In the March 31 issue of Wine Spectator Magazine, contributing editor Matt Kramer issues what he calls Manifesto 2010. (You’ll need to be either a subscriber of Wine Spectator Online or buy the print magazine to get the full text.) Basically, Mr Kramer’s point is that wineries need to be more forthcoming — a nice way of saying be more honest — with the information they put on wine labels, especially when it comes to ABV percentages.
All those in favor, say “Aye.”
“Aye!”
Opposed?
[sound of crickets chirping]
That is the sound of the wine industry sitting on their hands. Why do some wineries fudge on label ABV percentages?
The first thing one must understand when it comes to the regulation of the wine, and in fact, the whole alcoholic beverage industry, is it is all about taxes. The Feds and the states want to collect excise taxes and all the regulations are written so that the government gets its pound of flesh. Wines lower than 14% ABV are federally taxed at a rate of $1.07 / gal. Wines over 14% are taxed at $1.57 / gal. And they do keep track. Wineries must report monthly their separate inventories of wines above and below the 14% mark. This little 50 cents per gallon difference can equate to a lot of money for a large winery and isn’t chicken feed for us little guys.
HOWEVER, for the final label approval, the federal government allows a leeway of plus or minus 1 percent on wines declared to be above 14% ABV and an even greater leeway of 1.5% on wines declared to be less than 14%. You can see that this leaves A LOT of wiggle room for a winery.
This does not mean that a winery can fudge downward in order to save money on their taxes — at least it shouldn’t.

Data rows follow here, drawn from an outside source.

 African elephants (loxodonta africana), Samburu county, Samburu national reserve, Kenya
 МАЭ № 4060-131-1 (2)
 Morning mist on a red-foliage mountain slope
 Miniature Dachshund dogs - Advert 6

According to my reading of the regulation concerning label approval as it pertains to alcohol content (27 CFR 4.36), the winery is not allowed to fudge past the separations of tax classes (<14%, 14%-21%, 21%-24%). That is, a wine that is really 14.9% ABV can be labeled 14%, but not 13.9%, even though 13.9% is within the 1% range. A 13.9% ABV wine would be a different tax class. Still, being able to say a 14.9% wine is just 14% is potentially a profitable “lie” for a winery. That number 14 is almost magical with a minority, but very vocal minority, of wine collectors. To them, it represents the difference between classic, Old World styled wines and the, as they call them, New World fruit and alcohol bombs. The truth is a wine can be unbalanced at any alcohol level.
Some wiggle room in reported ABV is necessary. Wineries obtain Certificates of Label Approvals (COLA) and print labels often several years in advance of bottling. At Match, we print labels two vintages at a time to get a volume pricing break. Labels are printed for wines that still have months or even a couple of years to sit in the barrel. While in the barrel, wine evaporates. ABV percentage is changing and we must guesstimate what it will be at bottling. I do believe that most wineries can get much closer on their labels than that legally allowed range.

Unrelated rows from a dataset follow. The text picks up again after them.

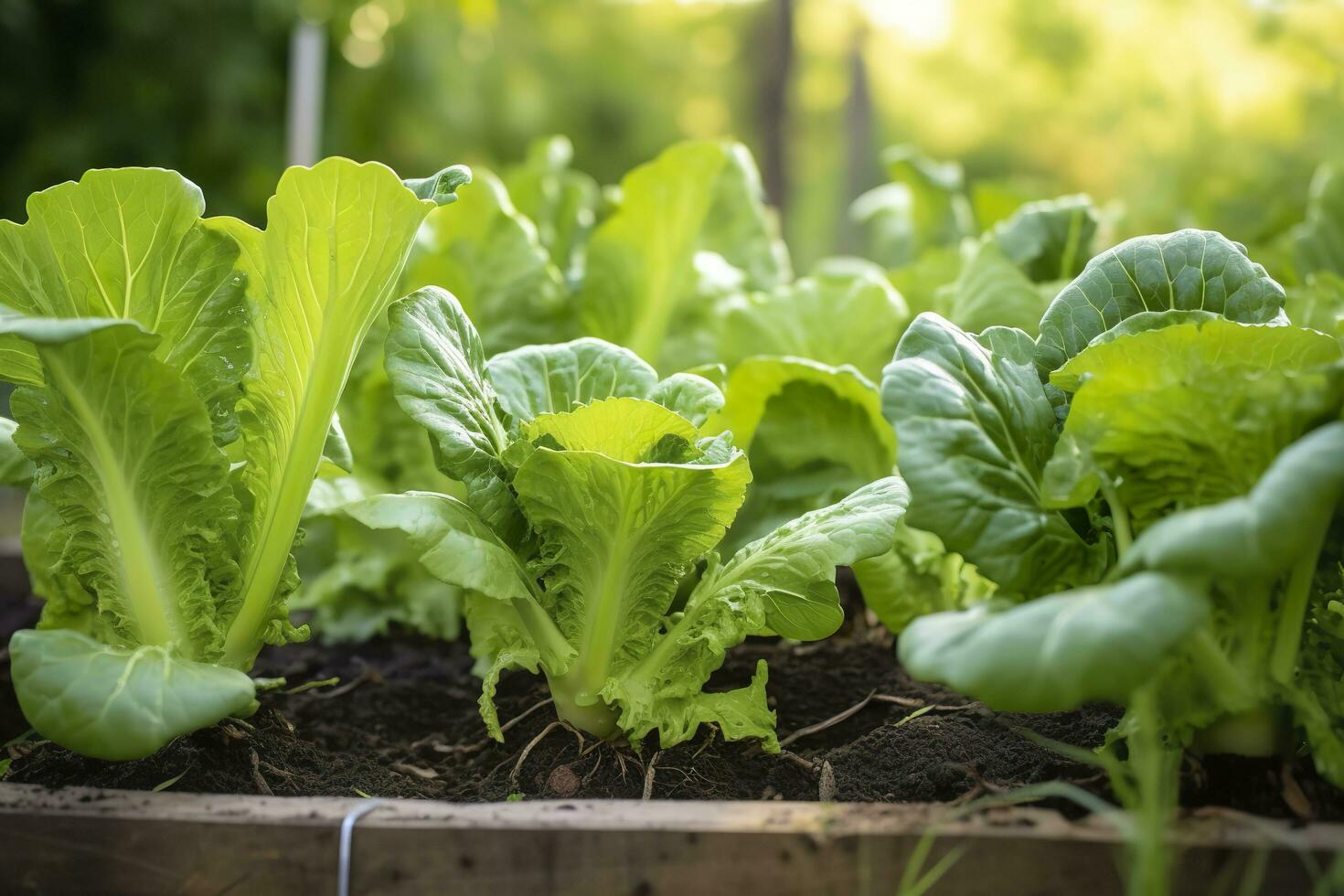 ai généré Frais biologique Bruxelles choux croissance dans le jardin. croissance posséder des fruits, des légumes. ai généré photo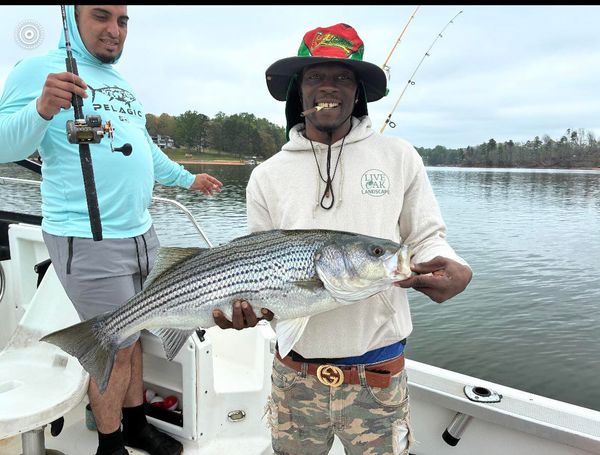 Reel Striper Adventures
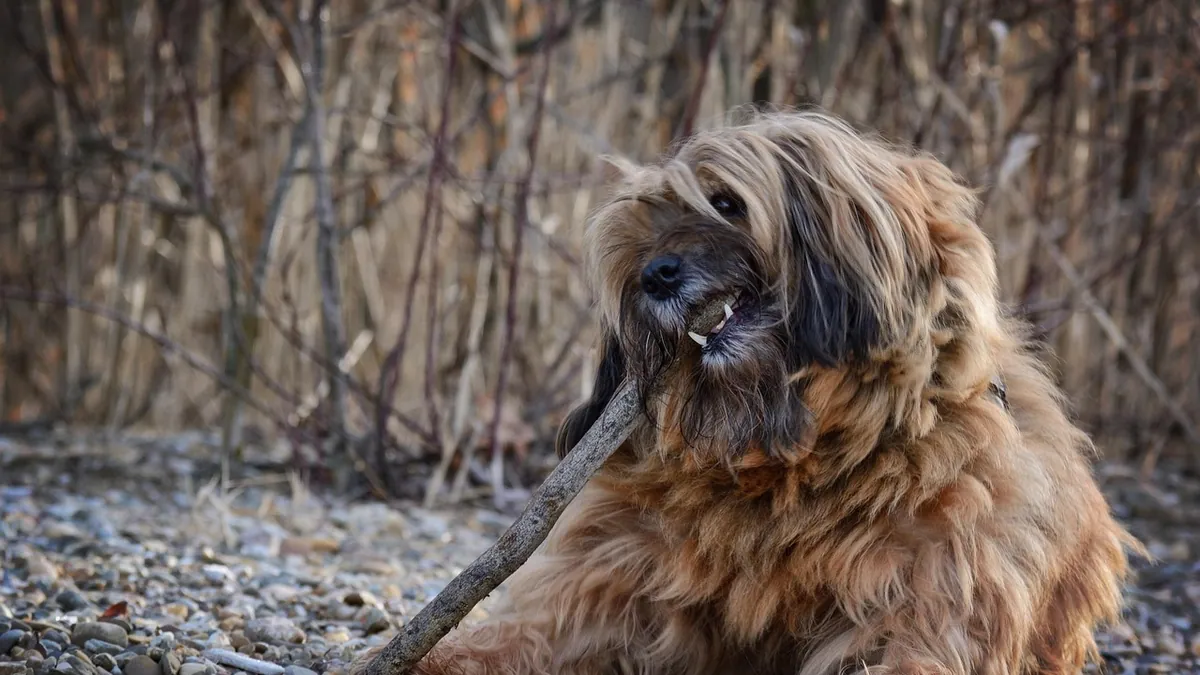 Can Dogs Be Electrocuted? Risks, Signs, and First Aid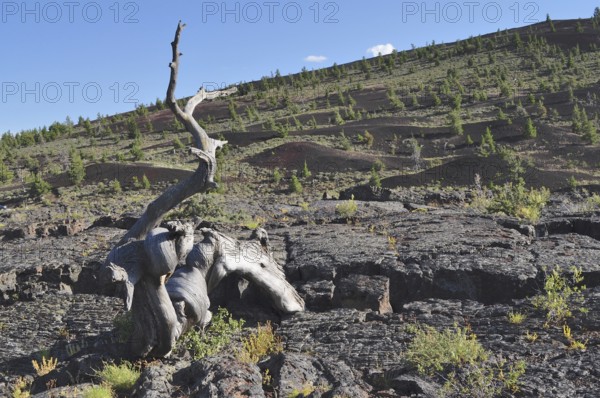 Dead tree trunk on dark volcanic landscape, Craters of the Moon National Monument, Idaho, USA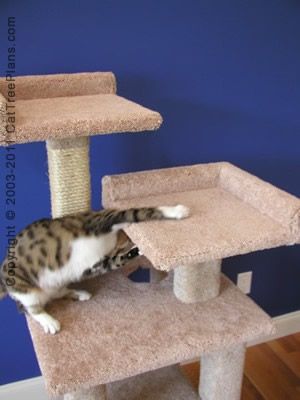 build cat climbing tower plans tall cat tree plans to make your own cat tree simple easy diy instructions on how build tree and furniture scratching posu2026 build cat climbing tower plans tall cat tree plans to make your own cat tree simple easy diy instructions on how build tree and furniture scratching posu2026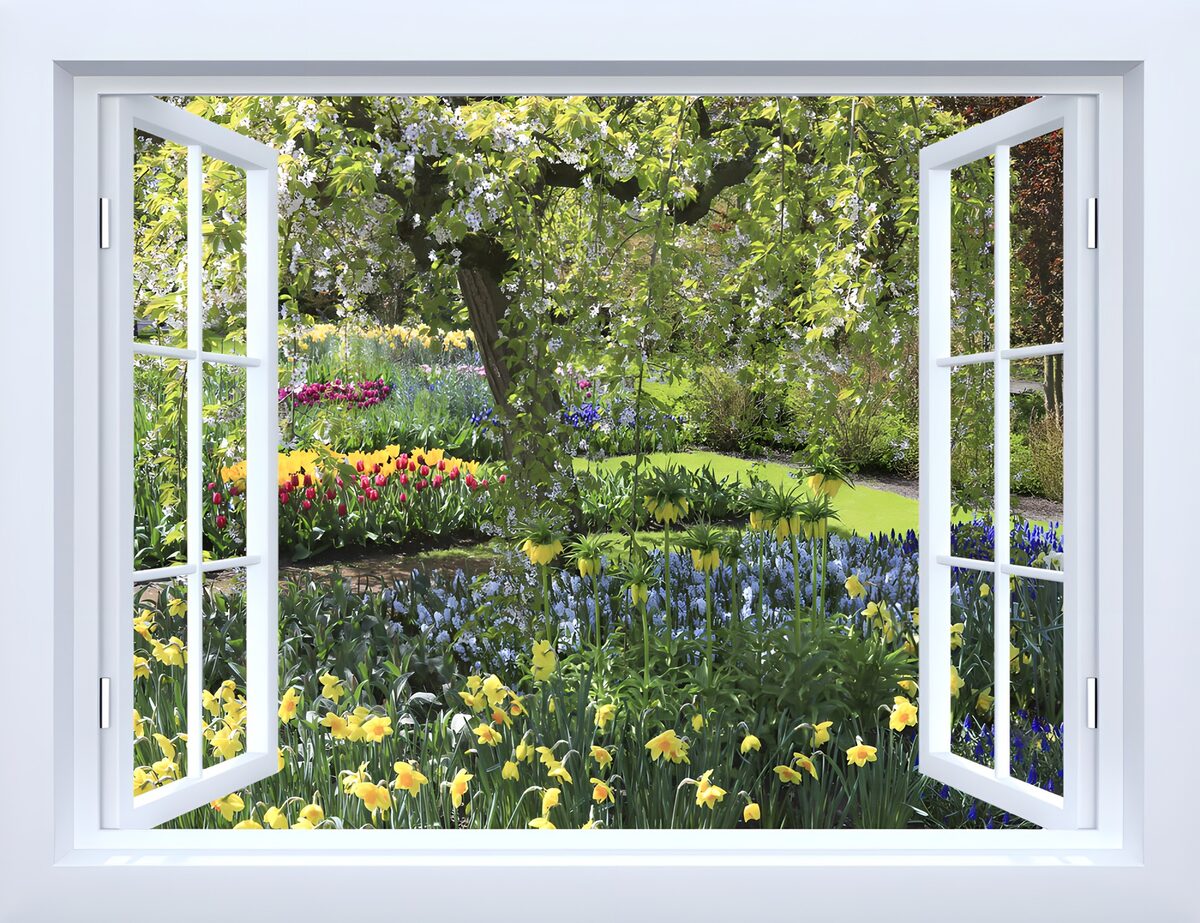 View of a Beautiful Garden Through a Window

It doesn’t make much economic sense for wineries to change their back labels each year to give exact vintage details to the public. Labels are expensive to change except for vintage date and alcohol class. I do agree with Mr. Kramer that wineries should be more open. However, I think the public’s “thirst” for knowledge can be sated by using our websites better. I’m going to work on that at Match.
The government should just get rid of that 14% dividing line and I don’t just say that because Match Cabernet tends to be above 14%. Heck, charge everyone the higher of the two tax rates. That dividing line is based on winemaking from years ago. Interestingly, if a wine is below 14% ABV, you don’t actually have to state a percentage of ABV on the label. You can just call it “Table Wine”. When these regulations were written, few if any wines were over 14% ABV. Now, it’s more the norm. At least it would be if we were all being honest.
I guess the Feds agree that wineries need to clean up their act when reporting ABV percentages. According to the engrossingly named TTB Circular 2010-1 Alcohol Beverage Sampling Programs Target Advertising, Labeling, and Contents Compliance , the government is going to be concentrating this year on sampling wines off retail shelves to see if the label accurately describes the product.
Are there going to be any surprises?